Orwell descreveu um mundo dividido em megablocos, onde os indivíduos eram controlados todo o tempo através de teletelas e dos aparatos de denúncia do estado totalitário. O atual cenário cennário macro-econômico ainda engatinha para essa reformulação politico-econômica. A Oceania, englobava a Alca e o Reino Unido, ou Pista de Pouso nº1 (a definição não era pejorativa segundo o autor, entretanto é uma crítica a pátria colonizadora que virou colonizada). Os ingleses estariam de fora do megabloco da Eurásia (Europa continental e países da Ex-URSS) da mesma forma que atualmente descartam o Euro. Orwell não precisava ser vidente para projetar uma unidade européia sem a Inglaterra.
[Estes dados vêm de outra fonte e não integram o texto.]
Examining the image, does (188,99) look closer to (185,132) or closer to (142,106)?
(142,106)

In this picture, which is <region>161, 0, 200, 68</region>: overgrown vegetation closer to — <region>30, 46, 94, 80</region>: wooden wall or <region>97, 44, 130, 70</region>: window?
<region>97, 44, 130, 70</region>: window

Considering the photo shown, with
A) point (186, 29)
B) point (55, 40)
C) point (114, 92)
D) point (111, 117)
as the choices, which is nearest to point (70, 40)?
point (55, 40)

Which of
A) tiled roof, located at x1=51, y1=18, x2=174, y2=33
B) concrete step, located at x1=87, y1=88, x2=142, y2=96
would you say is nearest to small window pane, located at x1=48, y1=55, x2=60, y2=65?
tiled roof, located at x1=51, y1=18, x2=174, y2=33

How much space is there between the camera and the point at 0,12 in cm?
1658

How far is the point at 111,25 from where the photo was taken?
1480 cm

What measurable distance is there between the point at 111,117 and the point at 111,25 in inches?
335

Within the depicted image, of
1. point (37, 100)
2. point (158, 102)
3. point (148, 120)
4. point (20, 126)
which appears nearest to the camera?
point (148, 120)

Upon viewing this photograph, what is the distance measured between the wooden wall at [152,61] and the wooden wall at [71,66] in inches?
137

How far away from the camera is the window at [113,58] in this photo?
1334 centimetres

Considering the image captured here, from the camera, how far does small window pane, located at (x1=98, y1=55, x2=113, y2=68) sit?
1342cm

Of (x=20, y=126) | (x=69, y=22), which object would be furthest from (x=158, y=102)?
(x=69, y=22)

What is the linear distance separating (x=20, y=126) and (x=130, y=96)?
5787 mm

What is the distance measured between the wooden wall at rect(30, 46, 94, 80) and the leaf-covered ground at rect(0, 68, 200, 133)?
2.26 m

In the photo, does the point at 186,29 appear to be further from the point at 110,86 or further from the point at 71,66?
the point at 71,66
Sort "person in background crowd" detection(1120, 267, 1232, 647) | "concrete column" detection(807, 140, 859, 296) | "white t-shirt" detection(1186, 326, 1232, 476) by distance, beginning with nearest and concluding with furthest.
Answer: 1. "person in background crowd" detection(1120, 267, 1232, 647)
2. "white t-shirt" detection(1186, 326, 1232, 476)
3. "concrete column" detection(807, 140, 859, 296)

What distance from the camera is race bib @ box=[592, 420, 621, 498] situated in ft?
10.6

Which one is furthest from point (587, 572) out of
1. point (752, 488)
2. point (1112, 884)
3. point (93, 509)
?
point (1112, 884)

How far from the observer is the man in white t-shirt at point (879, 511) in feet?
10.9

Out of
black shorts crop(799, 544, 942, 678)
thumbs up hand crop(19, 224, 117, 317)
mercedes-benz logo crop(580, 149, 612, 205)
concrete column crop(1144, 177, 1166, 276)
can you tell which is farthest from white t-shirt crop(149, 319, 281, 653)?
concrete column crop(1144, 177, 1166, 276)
A Lestásia era o terceiro-bloco formado pela união dos tigres asiáticos, China e Japão. Já os outros países integrantes do Oriente Médio, África e do sul da Ásia formariam um quadrilátero geográfico sem unidade. Esses países seriam o motivo de guerra entre os três megablocos. Não muito diferente da situação do Afeganistão, Filipinas e Palestina.
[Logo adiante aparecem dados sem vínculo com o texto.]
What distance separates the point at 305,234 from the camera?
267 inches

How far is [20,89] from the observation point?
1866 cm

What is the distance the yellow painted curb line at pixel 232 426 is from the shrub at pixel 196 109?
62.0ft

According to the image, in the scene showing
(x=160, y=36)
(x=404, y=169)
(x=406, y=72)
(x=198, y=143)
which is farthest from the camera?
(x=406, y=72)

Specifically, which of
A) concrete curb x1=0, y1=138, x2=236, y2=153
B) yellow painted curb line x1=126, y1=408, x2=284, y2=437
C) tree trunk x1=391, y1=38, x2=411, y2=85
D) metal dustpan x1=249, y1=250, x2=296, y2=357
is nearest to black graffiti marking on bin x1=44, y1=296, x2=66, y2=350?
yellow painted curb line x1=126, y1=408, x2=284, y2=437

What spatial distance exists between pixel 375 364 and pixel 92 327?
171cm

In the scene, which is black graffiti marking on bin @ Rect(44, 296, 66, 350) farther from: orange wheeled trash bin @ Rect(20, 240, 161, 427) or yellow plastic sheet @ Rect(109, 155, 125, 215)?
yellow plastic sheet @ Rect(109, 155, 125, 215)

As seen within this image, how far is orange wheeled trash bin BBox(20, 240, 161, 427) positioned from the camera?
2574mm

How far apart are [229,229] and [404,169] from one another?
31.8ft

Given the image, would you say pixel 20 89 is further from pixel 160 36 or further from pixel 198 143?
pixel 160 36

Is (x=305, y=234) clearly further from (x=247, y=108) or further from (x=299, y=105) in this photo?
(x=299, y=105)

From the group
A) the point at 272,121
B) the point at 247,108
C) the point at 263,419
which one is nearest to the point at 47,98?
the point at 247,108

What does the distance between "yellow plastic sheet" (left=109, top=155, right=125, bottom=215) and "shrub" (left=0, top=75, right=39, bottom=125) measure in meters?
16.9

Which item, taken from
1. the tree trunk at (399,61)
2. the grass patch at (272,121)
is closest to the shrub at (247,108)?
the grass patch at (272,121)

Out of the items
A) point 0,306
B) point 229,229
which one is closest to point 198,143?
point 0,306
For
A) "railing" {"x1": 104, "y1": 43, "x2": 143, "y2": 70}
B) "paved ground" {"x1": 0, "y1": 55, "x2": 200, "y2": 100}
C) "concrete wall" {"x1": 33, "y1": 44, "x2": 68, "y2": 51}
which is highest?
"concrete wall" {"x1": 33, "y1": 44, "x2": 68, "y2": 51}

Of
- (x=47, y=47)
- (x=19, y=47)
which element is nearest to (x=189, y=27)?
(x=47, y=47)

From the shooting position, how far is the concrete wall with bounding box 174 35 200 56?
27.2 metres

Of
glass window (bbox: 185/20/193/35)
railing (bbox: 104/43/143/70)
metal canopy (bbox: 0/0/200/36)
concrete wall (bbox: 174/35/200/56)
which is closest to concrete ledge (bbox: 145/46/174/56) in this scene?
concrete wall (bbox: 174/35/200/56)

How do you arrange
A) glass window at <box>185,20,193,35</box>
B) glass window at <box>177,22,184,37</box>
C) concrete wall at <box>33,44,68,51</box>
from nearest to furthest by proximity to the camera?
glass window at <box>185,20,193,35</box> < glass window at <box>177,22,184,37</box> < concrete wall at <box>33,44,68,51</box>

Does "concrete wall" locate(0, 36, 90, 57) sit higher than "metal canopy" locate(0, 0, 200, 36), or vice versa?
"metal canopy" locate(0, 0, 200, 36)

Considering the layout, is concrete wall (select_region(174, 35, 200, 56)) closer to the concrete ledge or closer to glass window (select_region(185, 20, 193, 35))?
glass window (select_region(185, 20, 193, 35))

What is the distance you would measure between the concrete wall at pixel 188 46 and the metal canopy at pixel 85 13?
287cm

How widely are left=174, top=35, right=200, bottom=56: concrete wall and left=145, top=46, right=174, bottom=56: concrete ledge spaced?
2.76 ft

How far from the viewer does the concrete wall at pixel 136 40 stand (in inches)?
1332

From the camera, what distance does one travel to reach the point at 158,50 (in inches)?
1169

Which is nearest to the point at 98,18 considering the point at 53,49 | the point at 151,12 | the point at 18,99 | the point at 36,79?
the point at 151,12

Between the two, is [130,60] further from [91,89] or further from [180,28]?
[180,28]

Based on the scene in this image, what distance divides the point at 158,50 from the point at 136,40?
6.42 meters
O mundo de "1984" ainda está distante. Assim como os megablocos, a redução drástica do idioma e o contole total da população estão na "pré-história". A informática é o setor mais necessário e o que mais avança para que transformação da ficção em realidade seja completa. O totalitarismo através do controle da população depende exclusivamente dos avanços tecnológicos.
Orwell criticava o totalitarismo de Estados, o qual poderá ser substituído pelo das grandes corporações. No livro, os membros do partidos eram vigiados em todos os lugares através das teletelas com medo de serem capturados. Orwell era experiente nisso: em 1949, ele denunciou, numa lista, 130 pessoas suspeitas de comunismo ao governo britânico, incluindo Charles Chaplin e Bernard Shaw.
O indivíduo não terá defesa se a realidade caminhar para o mundo de "1984". Mesmo que haja uma oposição, a possibilidade de ela ser efetiva é nula. A oposição pode existir desde que não incomode. Em 2084, esse pensamento deve ser aprimorado.
Orwell projeta o futuro numa crítica a falta de opção no presente. Se na ficção o cidadão reagisse, ele cometia crimidéia, o que bastava um pensamento ou um ato suspeito diante das teletelas e até dos próprios filhos, incentivados pelo Partido a denunciarem os pais suspeitos. Ao cometer crimidéia, o indivíduo passava a ser alvo fácil do Ministério do Amor, sendo vigiado e caçado pela Polícia do Pensamento. Tornava-se impessoa. Foi o que aconteceu com Winston, que tinha atitudes contrárias ao Partido como anotar num caderno suas idéias. Quando alguém se tornava "Impessoa" ela desaparecia e todos os seus registros eram apagados. Aquela pessoa nunca existira.
1984 não é apenas uma crítica, mas uma metáfora do que está sendo pavimentado pela novilíngua, pelo crimidéia e pelo duplipensar; presentes em 1948, possívelmente no mundo de 2084 e já em 2002.